Ketiga : pendapat qaom shufi dan ahli sunah
waljama’ah. Bahwa tuhan dapat dilihat didunia dan diakhirat. dan mereka membagi
pengertian mata penglihatan itu dengan
Mata jasad = Mata hati = Mata nyawa,
Maka mereka berkata :
Allah dapat dilihat baik dengan Mata terbuka maupun dengan Mata dipejamkan dikala Berdiri atau Duduk atau Berbaring
Perhatikan beberapa hadits diantaranya :
‘Anibni abbsin qola : Kama
roa muhammadun robbahu .
Artinya : dari pada ini abbas berkata : Nabi muhammad
melihat tuhan.
Wakanal khasanu yahlifu billahilladzi
lailaha illa hwua laqod roa muhammadun robbahu.
Artinya : dan adalah hasan mengangkat sumpah demi Allah
yang tida tuhan melainkan dia, sesungguhnya Nabi Muhammad s.a.w. telah
melihat Tuhan. berdasarkan hadit tersebut.
wa ila hadza idzahabasy syaikhuna abulkhasanil
as’ari wajama’atun min ashhabihi .anna Muhammadan .s.a.w Roallahu bibashorihi wa’Aina ro’sihi .
Artinya
: dan kepada hadits tersebut telah menjadi pegangan shekh abu hasan ‘asy’ari
dan jama’ah dari pada shohabatnya bahwa sesungguhnya Nabi Muhammad.s.a.w. itu
telah melihat Allah dengan
penglihatan jiwanya dan
penglihatan kedua mata
kepalanya.
Selanjutnya
shekh kurtubi berkata :
Idzru’tuhu ta’ala fiddunya jaezatun ‘aqlan. idzlaolam
jaezatunlakan sualu musa mustajilan wamuhalun anyajhala nabiyyu mayajuzu
‘alallahi wama layajizu ballam yas alun illa jaizu ghoiro musta’iin
Artinya : sesungguhnya tentang seolah-olah melihat tuhan
dudunia adalah ( jaiz ) wenang / boleh diterima oleh aqal karena
sekiranya tidak boleh maka sesungguhnya permintaan Nabiyyullah Musa a.s.

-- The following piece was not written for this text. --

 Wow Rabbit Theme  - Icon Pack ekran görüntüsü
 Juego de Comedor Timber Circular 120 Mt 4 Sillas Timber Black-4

untuk melihat tuhan itu mustahil dan adalah mustahil bahwa sesungguhnya Nabi
mengetahui apa-apa yang boleh / Jaiz : bahkan tentunya Nabiyullahu
Musa a.s. tidak akan memintai kepada Allah kecuali apa-apa yang boleh Jaiz
bukannya yang Mustahil.
Pon ibnu qosim berkata : Inna suala
musa ru’yata yadullu ‘ala
imkaniha annal ‘aqili fadhlun
‘aninnabiyyi layatlubal mahala.
Artinya : bahwa sesungguhnya perintah Nabi Musa untuk Melihat
Allah itu menunjukan akan
mungkinnya hal yang demikian
itu, karena sesungguhnya siapapun
orang yang ber’aqal
terlebih2 ini salaseorang Nabiyullah tidak akan memintai hal-hal yang mustahil.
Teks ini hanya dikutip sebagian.